Raffaello Sanzio da Urbina (1483-1520) was ordered to paint the portrait of this intriguing figure in world history in the latter years of his life. Let’s take a closer look at some of the most interesting facts about the Portrait of Pope Julius II by Raphael.
It was completed just a few years before the Pope’s death
Raphael was already a renowned artist when he arrived in Rome in the year 1508. This is emphasized by the fact that he was invited to the city by Pope Julius II himself, probably at the request of Donato Bramante.
The next couple of years he worked on the private library of the Pope, now referred to as the “Raphael Rooms.” These apartments in the Vatican Palace are perhaps his most famous legacy as it features frescos such as The School of Athens and The Parnassus.
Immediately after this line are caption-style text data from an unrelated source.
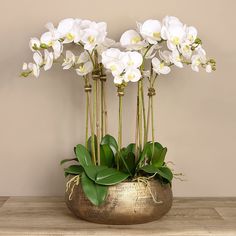 large orchid arrangement centerpiece in stunning gold ceramic planter Orchid Interior, Agency Office, Gold Planter, Dining Room Table Centerpieces, Exotic Orchids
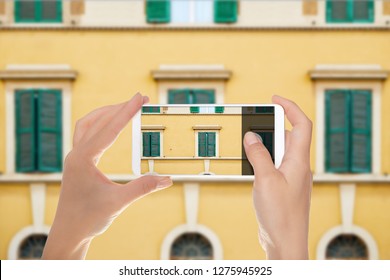 A man is making a photo of pattern from windows of the facade of one of the buildings in Rome, Italy on a mobile phone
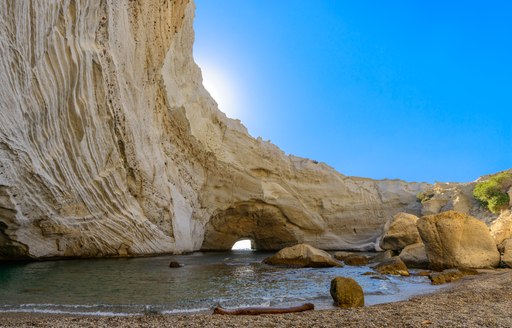 Dramatic natural feature in Mediterranean with small pool of water nearby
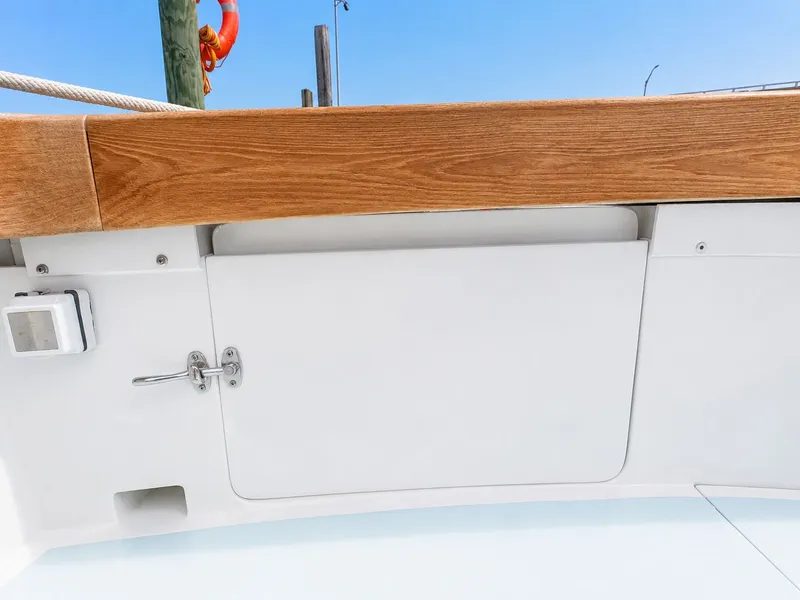 Slide: The Image of Close-up of a white boat deck with wood trim and a small latch. - 26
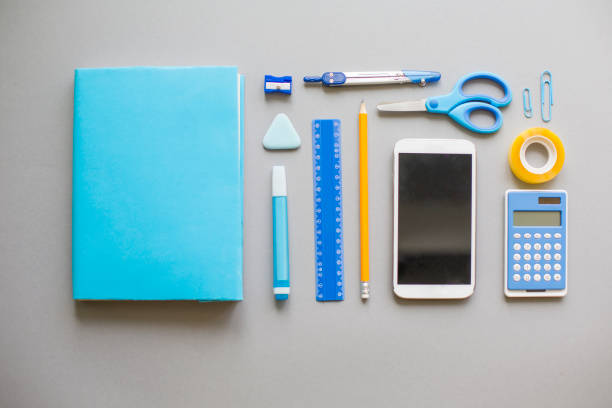 istock Blue school supplies on grey background 829436722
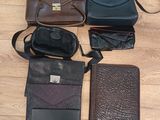 many different types of purses and wallets laid out on the floor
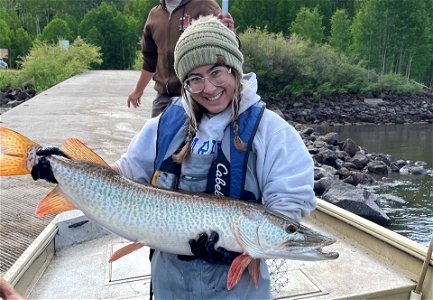 Jazzy Brenner Johnson Poses with a Muskie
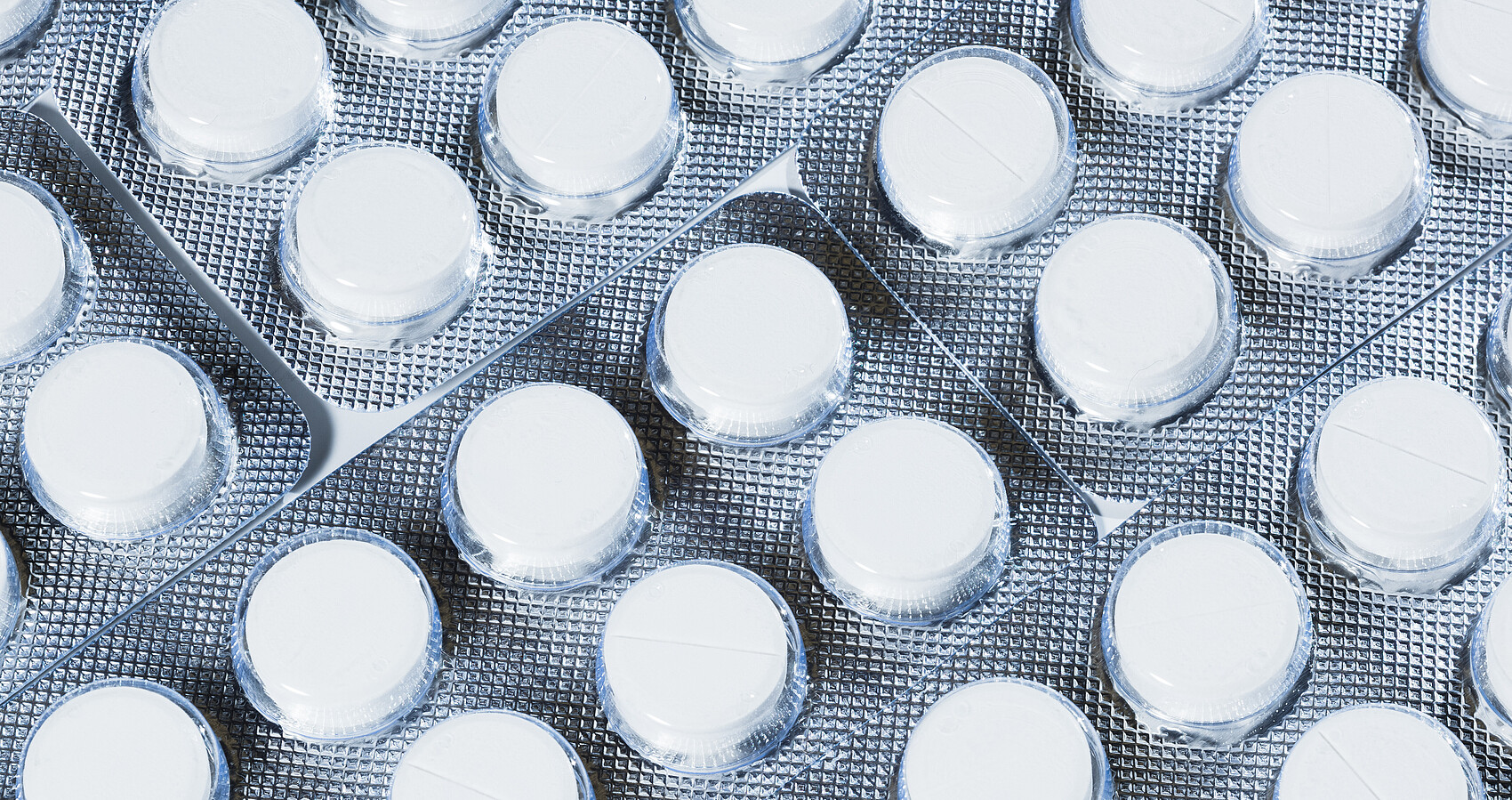 Das Bild zeigt weiße Tabletten in einer Sichtverpackung mit silbernem Hintergrund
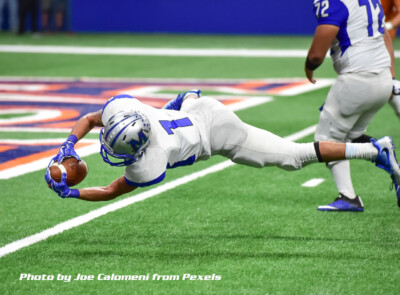 football player diving for touchdown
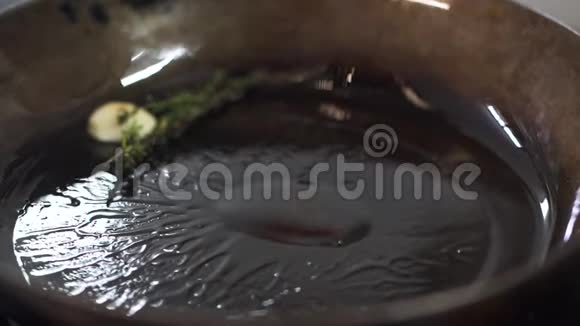 将香草大蒜和橄榄油放在煎锅上厨师添加排骨烹调现代肉类食品视频的预览图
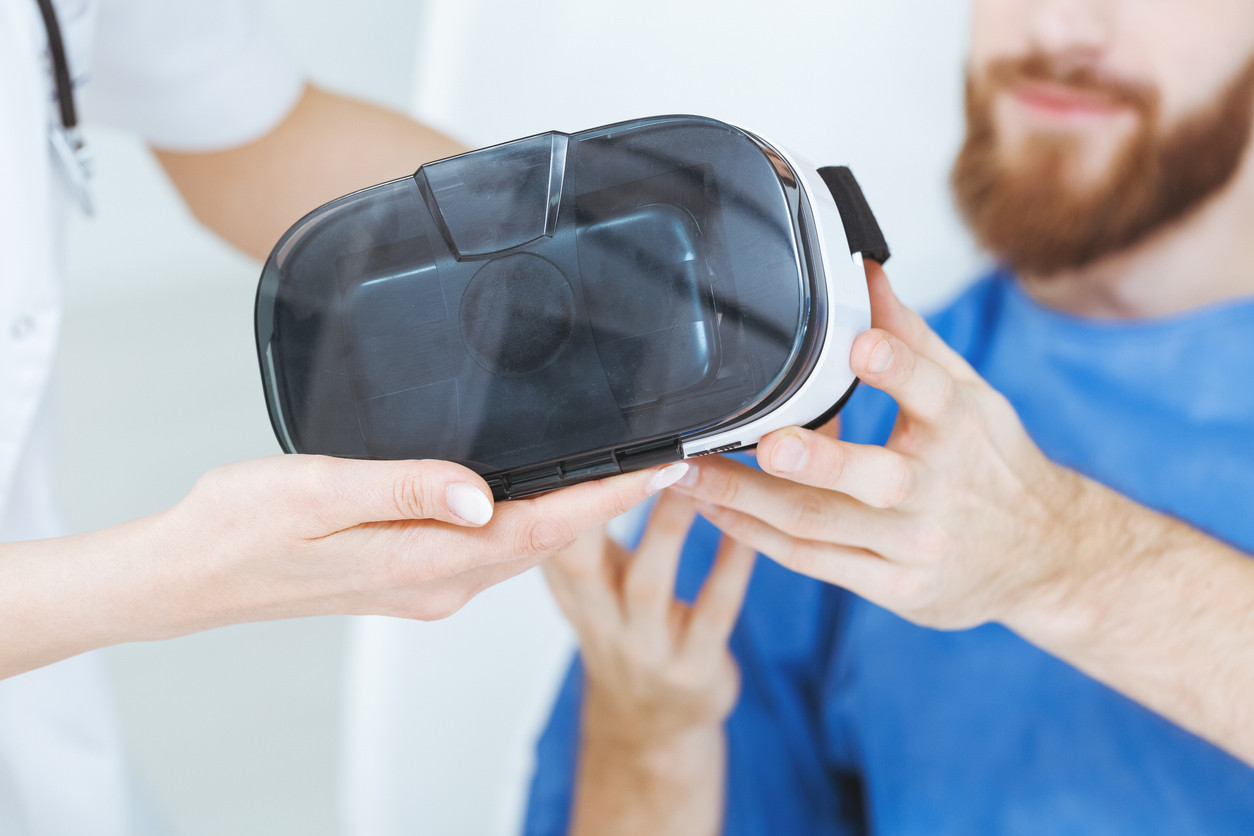 Patient is handed a VR headset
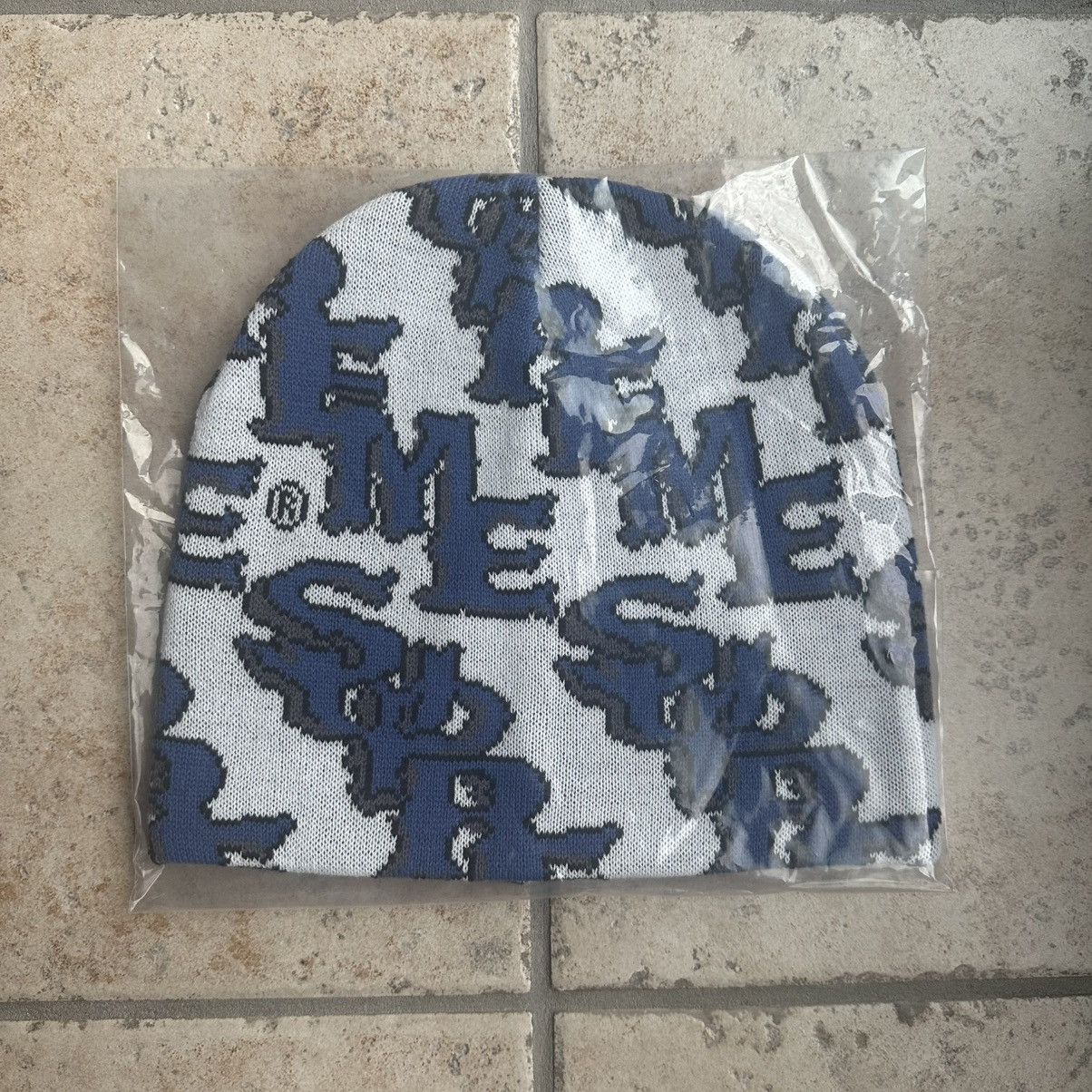Supreme SUPREME TAG BEANIE BY ART DEALER | Grailed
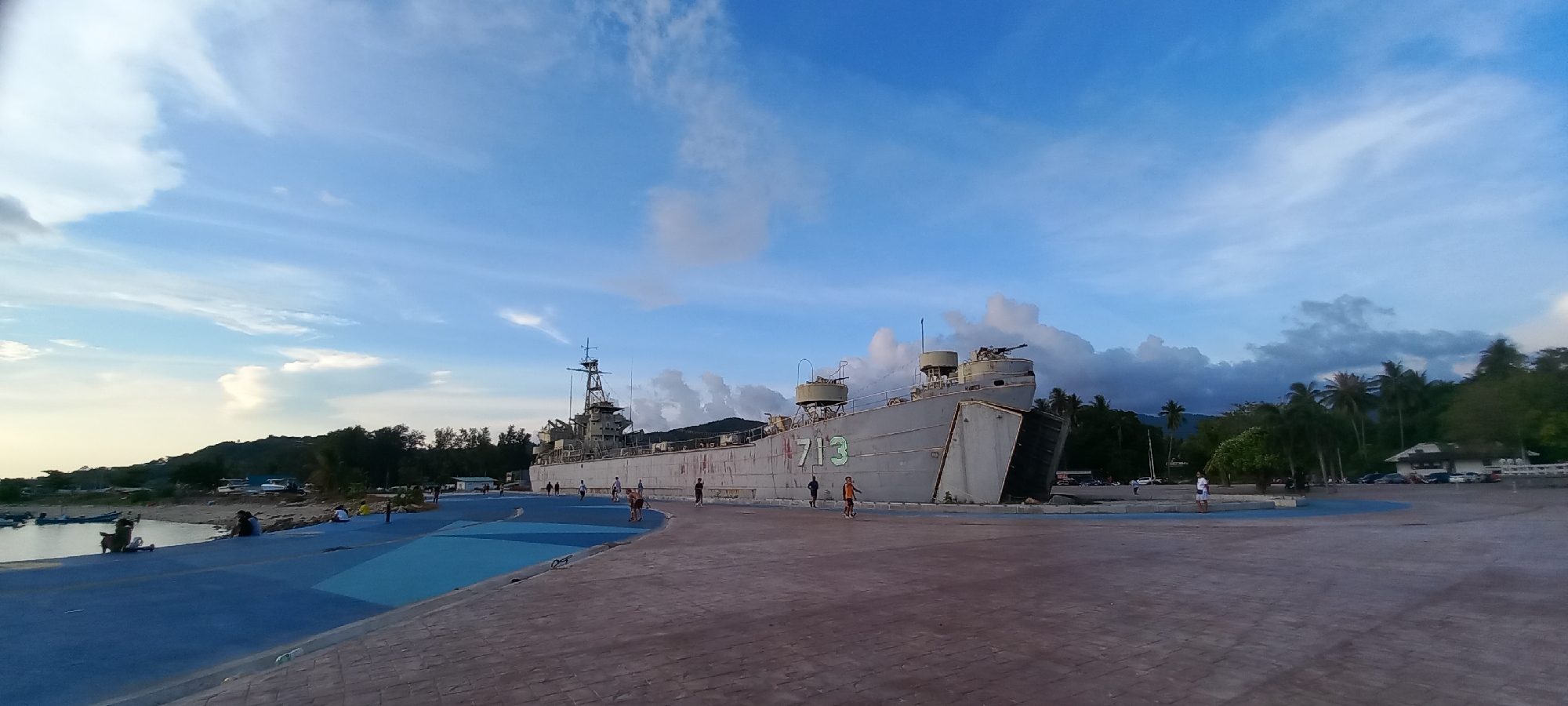 Captured in Thong Sala, Thailand, the image presents a static, gray naval vessel marked with the number "713", situated on land. The vessel, possibly a preserved or retired ship, is the focal point, surrounded by a paved area where several individuals are visible, some walking, suggesting a public space. To the left, a blue painted path borders a harbor, and in the background, lush tropical vegetation and a building are visible. The sky, a mix of blue and cloud formations, indicates an overcast or partially cloudy weather condition.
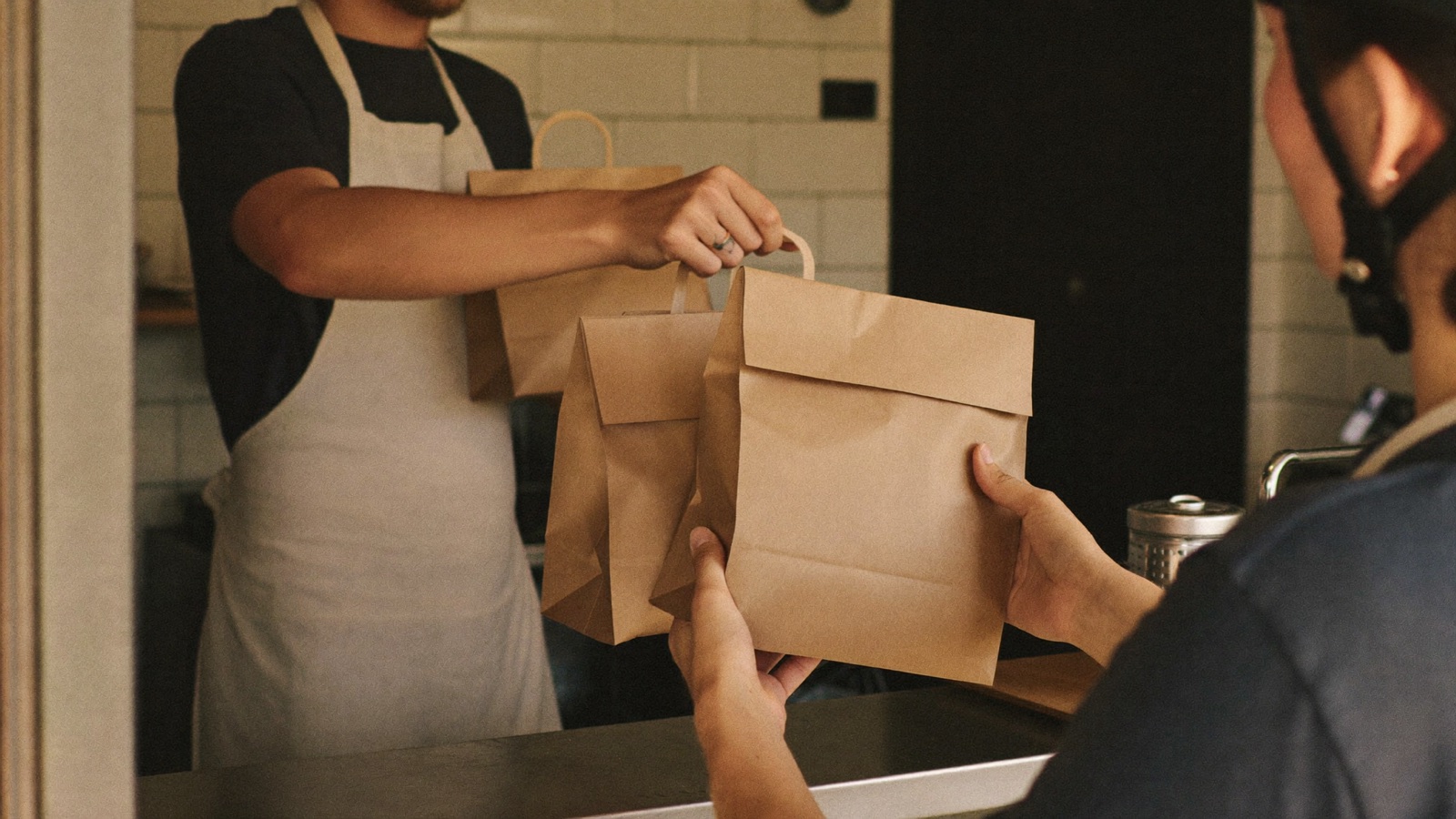 Chef handing takeaway bags to a delivery rider at the counter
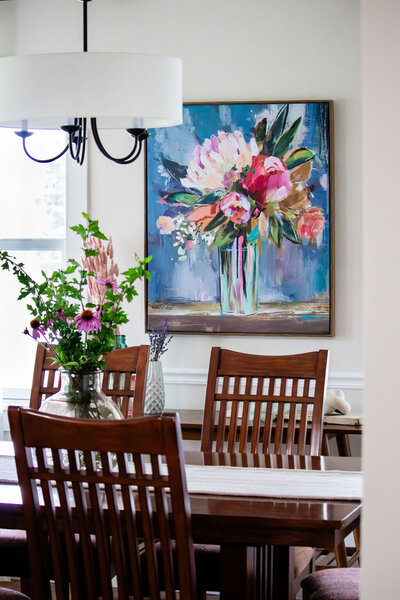 Dark wooden dining room table and chairs with wildflowers in vase and floral canvas artwork
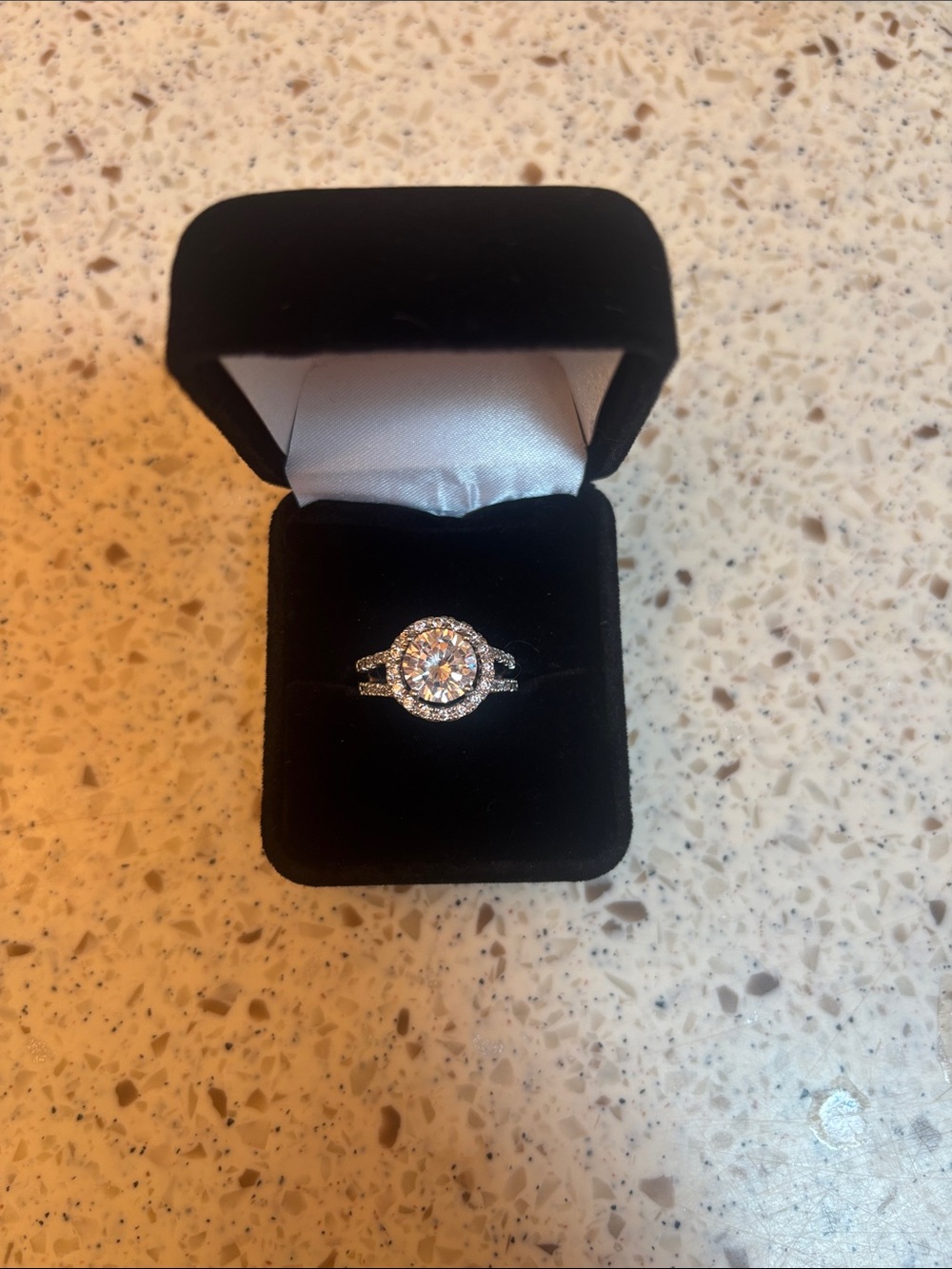 Sterling Silver Halo Engagement Ring with Diamonique stones.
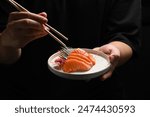 Man holding salmon sashimi with chopsticks on black background. Japanese food style concept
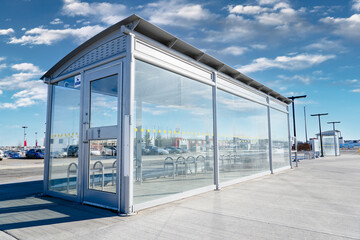 A public transit bus shelter at a municipal transfer station for urban commuters in Airdrie Alberta Canada.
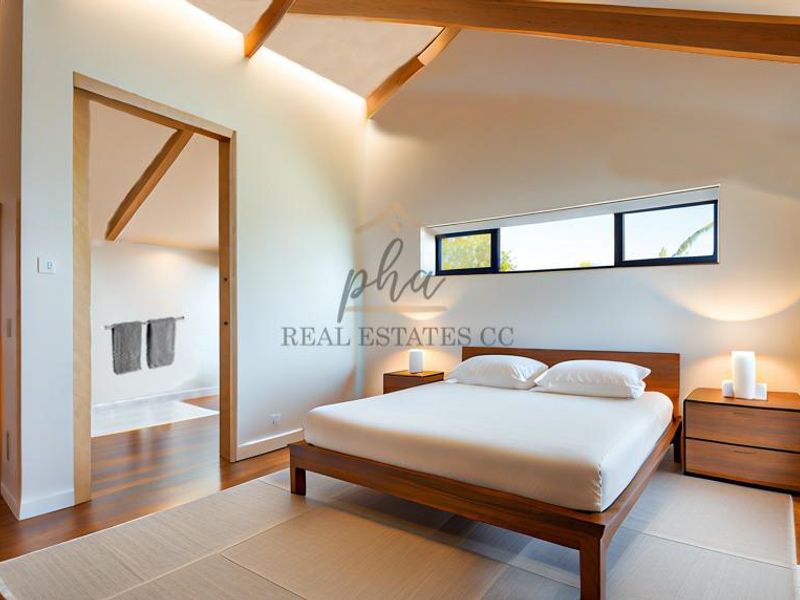 Spacious bedroom featuring vaulted ceilings with exposed timber beams, warm hardwood flooring, and modern recessed lighting, creating a bright and airy atmosphere.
He received the commission to paint the Pope’s portrait in the year 1511 and completed it the year after in 1512. It’s far from being his largest work as the painting has dimensions of 108 × 80.7 centimeters (43 × 31.8 inches).
It was part of a double commission completed by Raphael
Perhaps one of the most interesting facts about the Portrait of Pope Julius II is that the Pope commissioned his portrait together with another painting. This work is called the “Madonna of Loreto” and was completed in the year 1511.
This painting of about the same size was most probably meant to complement the portrait as it has the same vertical orientation. They were also originally hung together which strengthens this theory.
They aren’t together anymore, though, because the Madonna painting is now located at the Musée Condé inside the Chantilly Castle in France.
The unveiling of the painting was an extremely popular event
The reason why the Pope commissioned these paintings was to decorate the Santa Maria del Popolo church in Rome. This church stands on the northern side of the Piazza del Popolo, one of the most famous squares in Italy’s capital.
This church also stands on the main route north into Rome and both paintings were often hung on its pillars during special occasions such as lavish feasts and holy days.
The paintings were praised almost immediately, and especially the portrait. Hoards of people were lining up to take a look at the magnificent work of art by Raphael the moment it was unveiled, a feast in itself so to speak.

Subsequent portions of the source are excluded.